技術負債が与えるビジネスインパクトに関する研究

「Code Red: The Business Impact of Code Quality– A Quantitative Study of 39 Proprietary Production Codebases」という研究で内部品質の低いコードがビジネスに与える影響について調査がされています。

https://arxiv.org/pdf/2203.04374

具体的には、「高品質のコードを解決するよりも2倍以上の時間がかかり、低品質のコードは欠陥密度が15倍高い」ということが報告されています。

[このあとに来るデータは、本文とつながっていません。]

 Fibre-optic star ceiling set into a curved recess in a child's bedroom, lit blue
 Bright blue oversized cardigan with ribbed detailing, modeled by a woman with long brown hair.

コード品質は依然として抽象的な概念であり、ビジネスレベルでは浸透していません。そのため、ソフトウェア企業はコード品質を犠牲にしてでも、市場投入までの時間や新機能の追加を優先しています。その結果、技術的負債が膨れ上がり、開発者の時間の最大42%が無駄になっていると推定されています。同時に、世界的にソフトウェア開発者の不足が深刻化しており、開発者の生産性がソフトウェアビジネスの鍵を握っているといえます。当社のミッションは、コード品質を単なる技術的な側面ではなく、ビジネス上の懸念事項として扱うようにすることです。当社の第一の目標は、コードの品質が、1) 報告された欠陥の数、2) 問題解決までの時間、3) 期限内の問題解決の予測可能性にどのような影響を与えるかを理解することです。私たちは、ソースコード分析、バージョン管理マイニング、Jiraからの問題情報の組み合わせに基づくCodeSceneツールを使用して、さまざまな分野の39の独自開発のコードベースを分析しました。30,737のファイルのアクティビティを分析した結果、低品質のコードには高品質のコードの15倍の欠陥が含まれていることが分かりました。さらに、低品質のコードの問題解決には、平均して開発時間の124%増が必要であることも分かりました。最後に、低品質コードの問題解決には、最大サイクル時間が9倍長くなるという形で、より高い不確実性が伴うことを報告します。この研究は、コードの品質が技術的な懸念事項として無視できないことを示す証拠を提供しています。欠陥が15分の1になり、開発速度が2倍になり、問題解決の時間が大幅に予測可能になるため、高品質コードのビジネス上の利点は明白であるはずです。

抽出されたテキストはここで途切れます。